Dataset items
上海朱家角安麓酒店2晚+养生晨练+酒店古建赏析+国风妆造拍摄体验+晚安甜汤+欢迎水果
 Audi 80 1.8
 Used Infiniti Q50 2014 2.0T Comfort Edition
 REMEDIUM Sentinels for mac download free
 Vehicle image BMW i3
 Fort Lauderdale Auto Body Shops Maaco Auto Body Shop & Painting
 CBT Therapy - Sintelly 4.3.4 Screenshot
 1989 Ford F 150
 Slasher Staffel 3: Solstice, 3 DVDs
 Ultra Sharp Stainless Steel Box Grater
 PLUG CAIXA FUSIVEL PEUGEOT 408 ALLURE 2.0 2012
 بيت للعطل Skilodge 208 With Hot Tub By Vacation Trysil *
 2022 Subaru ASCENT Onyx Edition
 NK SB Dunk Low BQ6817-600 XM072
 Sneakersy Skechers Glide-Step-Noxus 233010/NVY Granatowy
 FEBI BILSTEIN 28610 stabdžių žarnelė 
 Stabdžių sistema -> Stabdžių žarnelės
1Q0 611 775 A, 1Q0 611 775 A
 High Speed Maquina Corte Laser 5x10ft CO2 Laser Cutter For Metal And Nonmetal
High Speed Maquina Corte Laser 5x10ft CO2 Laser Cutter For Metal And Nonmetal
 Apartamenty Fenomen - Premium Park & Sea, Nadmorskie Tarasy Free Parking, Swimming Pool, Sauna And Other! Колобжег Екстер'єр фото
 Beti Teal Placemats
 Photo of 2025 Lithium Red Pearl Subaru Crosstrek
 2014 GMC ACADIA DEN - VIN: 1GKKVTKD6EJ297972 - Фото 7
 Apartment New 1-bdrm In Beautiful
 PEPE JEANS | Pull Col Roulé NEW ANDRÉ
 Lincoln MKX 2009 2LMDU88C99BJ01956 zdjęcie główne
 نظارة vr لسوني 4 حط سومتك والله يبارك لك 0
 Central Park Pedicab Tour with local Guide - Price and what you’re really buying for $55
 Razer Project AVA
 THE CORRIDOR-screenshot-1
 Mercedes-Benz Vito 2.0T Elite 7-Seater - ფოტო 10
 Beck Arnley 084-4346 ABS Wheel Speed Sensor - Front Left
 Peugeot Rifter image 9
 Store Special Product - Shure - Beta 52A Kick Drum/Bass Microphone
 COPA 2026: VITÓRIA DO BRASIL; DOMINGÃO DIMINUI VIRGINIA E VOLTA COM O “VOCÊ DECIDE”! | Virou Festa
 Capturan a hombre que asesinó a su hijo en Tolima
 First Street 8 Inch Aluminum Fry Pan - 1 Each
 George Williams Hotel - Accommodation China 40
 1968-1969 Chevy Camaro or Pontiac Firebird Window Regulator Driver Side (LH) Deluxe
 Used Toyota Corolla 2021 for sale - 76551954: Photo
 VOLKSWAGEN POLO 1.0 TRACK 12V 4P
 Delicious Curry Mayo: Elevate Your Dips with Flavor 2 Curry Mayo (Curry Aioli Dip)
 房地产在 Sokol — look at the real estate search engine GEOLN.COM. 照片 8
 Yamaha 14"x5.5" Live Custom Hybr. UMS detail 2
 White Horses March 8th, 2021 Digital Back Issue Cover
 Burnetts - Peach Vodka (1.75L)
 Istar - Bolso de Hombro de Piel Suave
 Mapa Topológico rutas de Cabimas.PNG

- [ABOUT THIS EXERCISE] Nothing but the lines from the one that contains "Lincoln MKX 2009" through the last line of the entries should appear in your reply, each repeated exactly.

- [TASK OUTPUT]
 Lincoln MKX 2009 2LMDU88C99BJ01956 zdjęcie główne
 نظارة vr لسوني 4 حط سومتك والله يبارك لك 0
 Central Park Pedicab Tour with local Guide - Price and what you’re really buying for $55
 Razer Project AVA
 THE CORRIDOR-screenshot-1
 Mercedes-Benz Vito 2.0T Elite 7-Seater - ფოტო 10
 Beck Arnley 084-4346 ABS Wheel Speed Sensor - Front Left
 Peugeot Rifter image 9
 Store Special Product - Shure - Beta 52A Kick Drum/Bass Microphone
 COPA 2026: VITÓRIA DO BRASIL; DOMINGÃO DIMINUI VIRGINIA E VOLTA COM O “VOCÊ DECIDE”! | Virou Festa
 Capturan a hombre que asesinó a su hijo en Tolima
 First Street 8 Inch Aluminum Fry Pan - 1 Each
 George Williams Hotel - Accommodation China 40
 1968-1969 Chevy Camaro or Pontiac Firebird Window Regulator Driver Side (LH) Deluxe
 Used Toyota Corolla 2021 for sale - 76551954: Photo
 VOLKSWAGEN POLO 1.0 TRACK 12V 4P
 Delicious Curry Mayo: Elevate Your Dips with Flavor 2 Curry Mayo (Curry Aioli Dip)
 房地产在 Sokol — look at the real estate search engine GEOLN.COM. 照片 8
 Yamaha 14"x5.5" Live Custom Hybr. UMS detail 2
 White Horses March 8th, 2021 Digital Back Issue Cover
 Burnetts - Peach Vodka (1.75L)
 Istar - Bolso de Hombro de Piel Suave
 Mapa Topológico rutas de Cabimas.PNG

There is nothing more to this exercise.